If the comparison of two documents definitely meets the specified criteria for duplicates, a new document based on the two duplicate documents is created in the FINAL database, and the old entries are tagged as archived but remain in the FINAL database.

If the comparison of two documents meets the specified criteria for possible matches (not definite matches), a notification document is created in the FINAL database. The notification contains information about the two documents.

Otherwise, no changes are made.

Custom Depends on custom code. Runs the custom code specified in the step definition. The custom code can further process, enhance, or validate your data. A custom step can also replace the default processing included in MarkLogic Data Hub. For example, if your data is too complex to be handled by the default mapping step, you can use a custom step to harmonize your data. Depends on custom code.
Note: The STAGING database and the FINAL database are the default storage for ingested data and harmonized data, respectively; however, you can use any database.

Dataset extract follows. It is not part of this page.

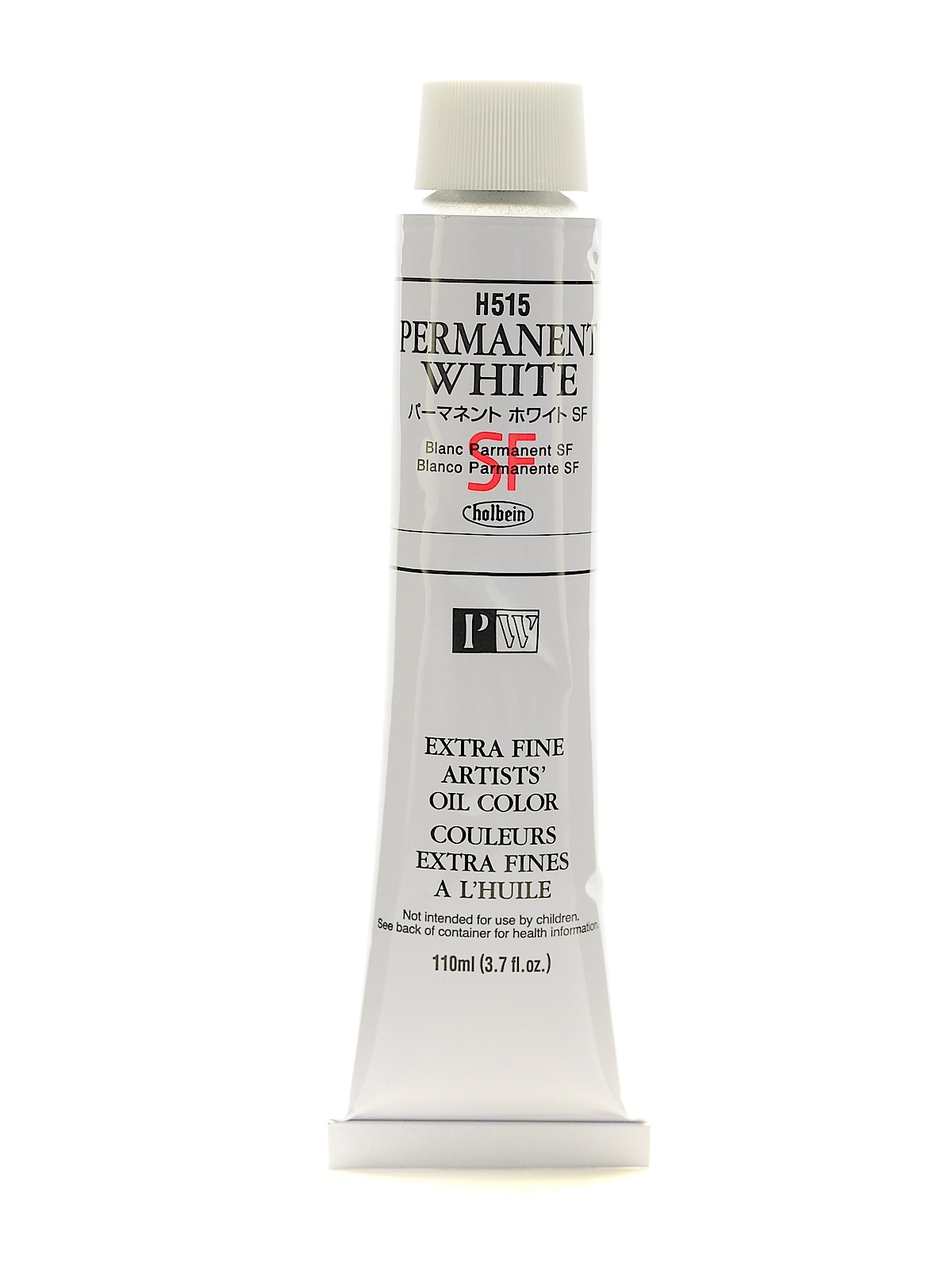 Artist Oil Colors permanent white SF 110 ml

Choosing Steps for Your Flow

You can create as many flows as you need with various combinations of steps.

However, each predefined type of step (ingestion, mapping, and mastering) has its own set of prerequisites, which is typically the output of another step. For example,
  • Before you can configure and run a mapping step, you must have some enveloped data in a database (the result of an ingestion step).
  • Before running the mastering step, you must have some mapped data in a database (the result of a mapping step), and all data to be compared must be mapped to the same entity model.

Essentially, an ingestion step must be executed before a mapping step, which must be executed before a mastering step. However, these steps are not required to be in the same flow.

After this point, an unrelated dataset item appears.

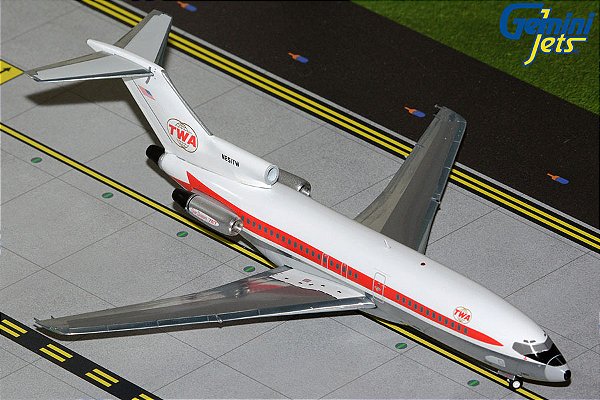 Gemini Jets 1:200 TWA Boeing 727-100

A flow can contain any combination of steps (ingestion, mapping, mastering, and custom). For example, you can create one flow for ingestion only and another flow that contains both the mapping and mastering steps.

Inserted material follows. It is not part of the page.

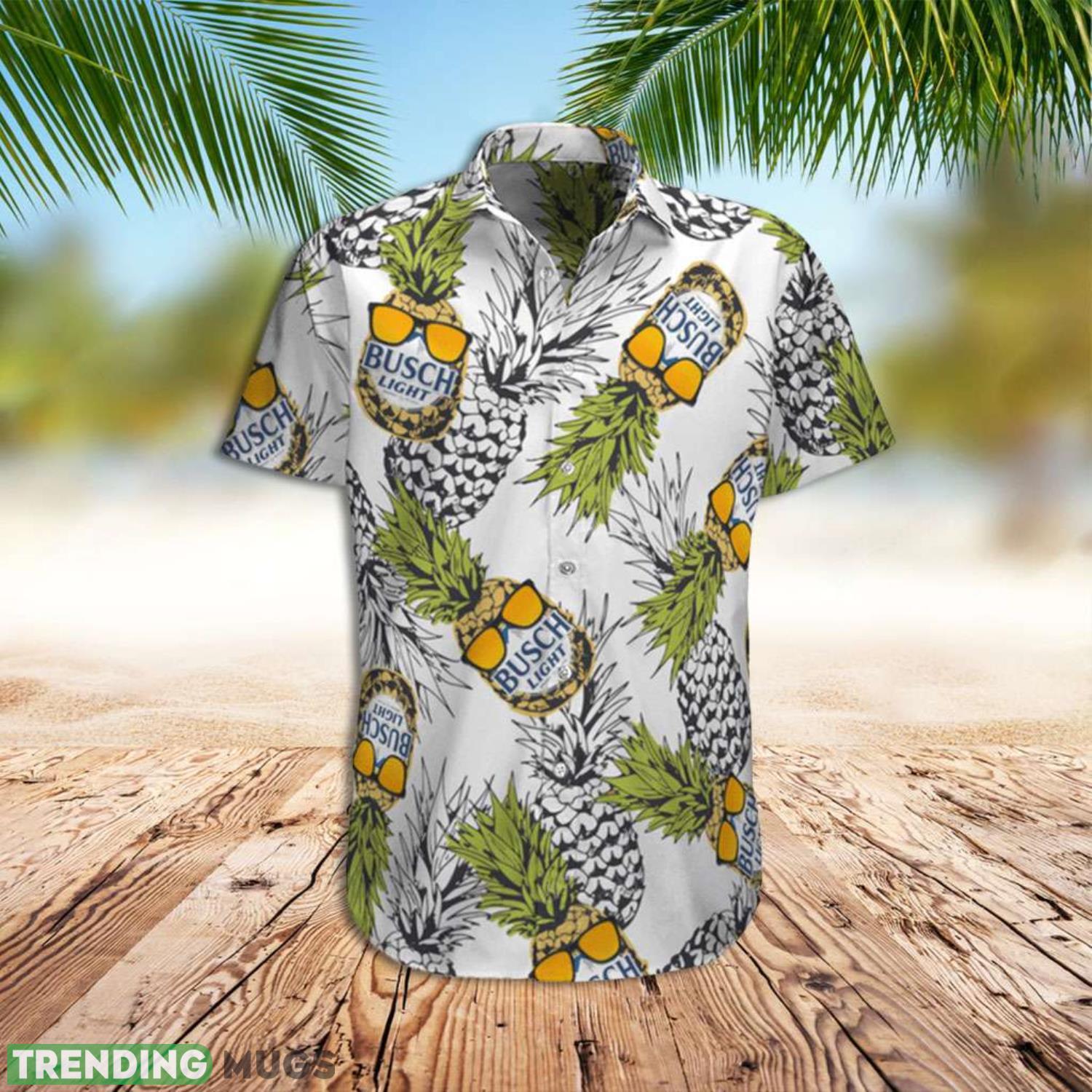 Busch Light Beer Lovers Funny Pineapple Hawaiian Shirt Summer Gift For Men And Women Product Photo 1 Busch Light Beer Lovers Funny Pineapple Hawaiian Shirt Summer Gift For Men And Women Product Photo 1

Tip: Create a separate flow for ingesting each data source. For example,
  • Flow A might handle ingesting HR data from a New York subsidiary and then mapping that ingested data to an entity model.
  • Flow B might handle similar operations for HR data from a San Francisco subsidiary.
  • Ingestion
    • If you need to load your data into the STAGING database, add an ingestion step.
    • If your data is already wrapped in envelopes and stored in the STAGING database, skip.
  • Mapping
    • If your source's fields do NOT correspond one-to-one with your entity model's properties, add a custom step with a link to a custom module that handles the mapping between your source and your entity model.
    • If your source's fields need additional processing, such as calculations, add a custom step with a link to a custom module that performs the calculations.
    • If you are mapping XML documents, add a custom step with a link to a custom module that handles XML documents.
    • If you are mapping non-flat JSON documents (i.e., some properties are nested), add a custom step with a link to a custom module that handles complex JSON documents.
    • If your source requires more complex transformation than a simple typecast, add a custom step with a link to a custom module that performs the transformation.
    • If your data has already been mapped against your entity model and stored in the FINAL database, skip.
    • Otherwise, add a mapping step.
  • Mastering
    • If you want to keep duplicates in your data, skip.
    • If you would like to use MarkLogic's Smart Mastering technology to identify duplicate documents and merge the duplicates, add a mastering step.
    • Otherwise, add a custom step with a link to a custom module that identifies duplicate documents and handles them as you wish.
Note: If a custom step is not intended to replace a predefined step, you can insert it anywhere in the flow. For example, if you want your custom module to further enhance your ingested data before mapping, you can insert the custom module between the ingestion step and the mapping step.